What is Rice Really?: Short-Grain Rice

riceplant

We’re back this month with our second blog about rice and the deep relationship we, as a human race, have with this amazing grain. Rice is grown all over the world, existing in many shapes, colors, sizes and flavors.

As we wrote last month, the rice plant is a type of grass, which produces fruit that ripens into grains of rice. When ready, the plants are harvested, dried and threshed, which results in unrefined rice grains that are separated from the plant stems and leaves. The unrefined grains go on to be cleaned, polished and packaged before they are used to create the many dishes that human societies all over the world relies on for nutrition and sustenance.

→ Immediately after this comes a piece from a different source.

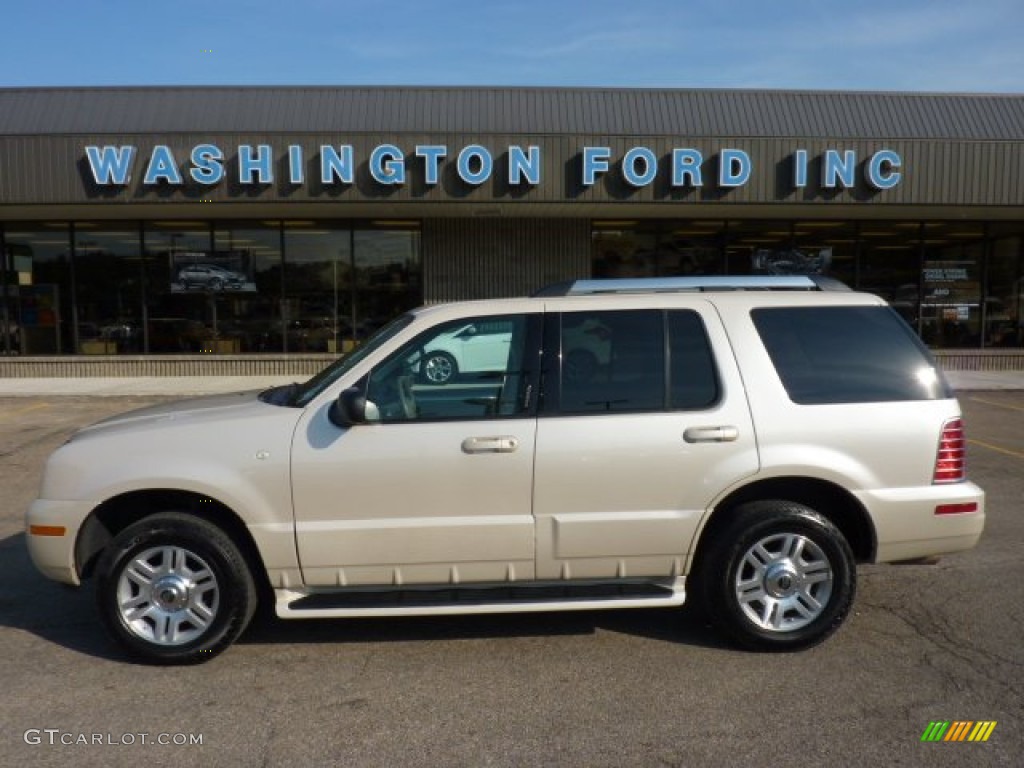 2005 Mountaineer V8 Premier AWD - Ivory Parchment Tri-Coat / Medium Dark Parchment photo #1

During the processing phase, rice grains are generally grouped by their origins, and then by size (short, medium or long grain), by the color of the refined grain (white, purple, red or black) and by its texture (loose or sticky). The initial de-husking removes the outer hull surrounding the rice grain, exposing the bran. The bran is either left on the rice—resulting in brown rice if the inner grain is white—or the bran is removed, which leaves the inner grain exposed for polishing, resulting in white rice. Colored rice varieties, like red and black, can be eaten with or without their bran covering.

Short grain white rice

Short grain white rice

Short-grain rice is the most common type used in Japanese cuisine, giving it the broad classification Japonica. (By contrast, long grain rice is categorized as Indica.) These grains are almost round in appearance, and typically less than 5mm long and 2.5 mm wide. These varieties require less water to cook and generally result in starchy or sticky rice. The short grain rice used in Japanese cooking is called uruchi mai, and while there are hundreds of varieties available, popular ones include koshihikari, hitomebore, akitakomachi and sasanishiki. These rice varieties have sweet, nutty flavors, ranging from sticky to loose and plump in texture, and are used to make sushi rice and served as an accompaniment to a meal. Mochi gome, also known as glutinous or sweet rice, is another type of extra-sticky, opaque, short-grain Japanese rice that is used to make mochi, a sweet delicacy with a chewy texture. All of these short grain rice varieties have been produced for decades (if not hundreds of years!) and grace the table of Japanese people across the globe.